Only the lines from the one containing "HEY HO - VÉLO" to the end of the records belong in the output; print them exactly.

Dataset entries —
*** Block opens ***
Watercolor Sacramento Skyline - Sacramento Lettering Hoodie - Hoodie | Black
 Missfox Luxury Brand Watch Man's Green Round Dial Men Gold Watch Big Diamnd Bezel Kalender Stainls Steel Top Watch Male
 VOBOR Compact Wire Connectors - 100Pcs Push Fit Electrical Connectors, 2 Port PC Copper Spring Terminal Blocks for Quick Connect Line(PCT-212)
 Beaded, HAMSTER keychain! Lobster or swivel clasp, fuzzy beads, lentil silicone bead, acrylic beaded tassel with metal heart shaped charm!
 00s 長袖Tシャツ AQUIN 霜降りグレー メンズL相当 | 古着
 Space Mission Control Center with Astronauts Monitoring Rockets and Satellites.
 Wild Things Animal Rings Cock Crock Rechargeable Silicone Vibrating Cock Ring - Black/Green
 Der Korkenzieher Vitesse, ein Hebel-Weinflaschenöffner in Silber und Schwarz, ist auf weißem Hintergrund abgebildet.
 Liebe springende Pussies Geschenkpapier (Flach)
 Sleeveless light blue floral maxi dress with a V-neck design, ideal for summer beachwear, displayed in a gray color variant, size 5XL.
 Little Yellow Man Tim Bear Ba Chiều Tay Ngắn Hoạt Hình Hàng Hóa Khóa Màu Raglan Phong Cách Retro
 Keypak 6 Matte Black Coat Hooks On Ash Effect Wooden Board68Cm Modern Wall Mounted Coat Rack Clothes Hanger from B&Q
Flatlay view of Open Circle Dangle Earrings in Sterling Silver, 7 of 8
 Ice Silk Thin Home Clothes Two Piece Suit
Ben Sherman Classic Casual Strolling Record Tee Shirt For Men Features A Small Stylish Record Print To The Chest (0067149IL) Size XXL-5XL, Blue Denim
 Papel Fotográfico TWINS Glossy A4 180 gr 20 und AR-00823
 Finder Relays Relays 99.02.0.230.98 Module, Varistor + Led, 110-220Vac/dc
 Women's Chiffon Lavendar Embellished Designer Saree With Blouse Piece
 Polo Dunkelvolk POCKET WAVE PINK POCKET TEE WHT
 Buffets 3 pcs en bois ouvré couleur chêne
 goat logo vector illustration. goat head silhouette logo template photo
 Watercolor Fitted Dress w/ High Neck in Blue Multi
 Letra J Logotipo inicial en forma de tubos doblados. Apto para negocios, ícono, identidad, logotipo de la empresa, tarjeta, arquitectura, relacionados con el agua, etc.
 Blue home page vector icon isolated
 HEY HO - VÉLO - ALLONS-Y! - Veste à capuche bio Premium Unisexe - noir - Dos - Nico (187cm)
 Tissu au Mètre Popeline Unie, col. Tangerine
*** Block closes ***
Solution for this task —
 HEY HO - VÉLO - ALLONS-Y! - Veste à capuche bio Premium Unisexe - noir - Dos - Nico (187cm)
 Tissu au Mètre Popeline Unie, col. Tangerine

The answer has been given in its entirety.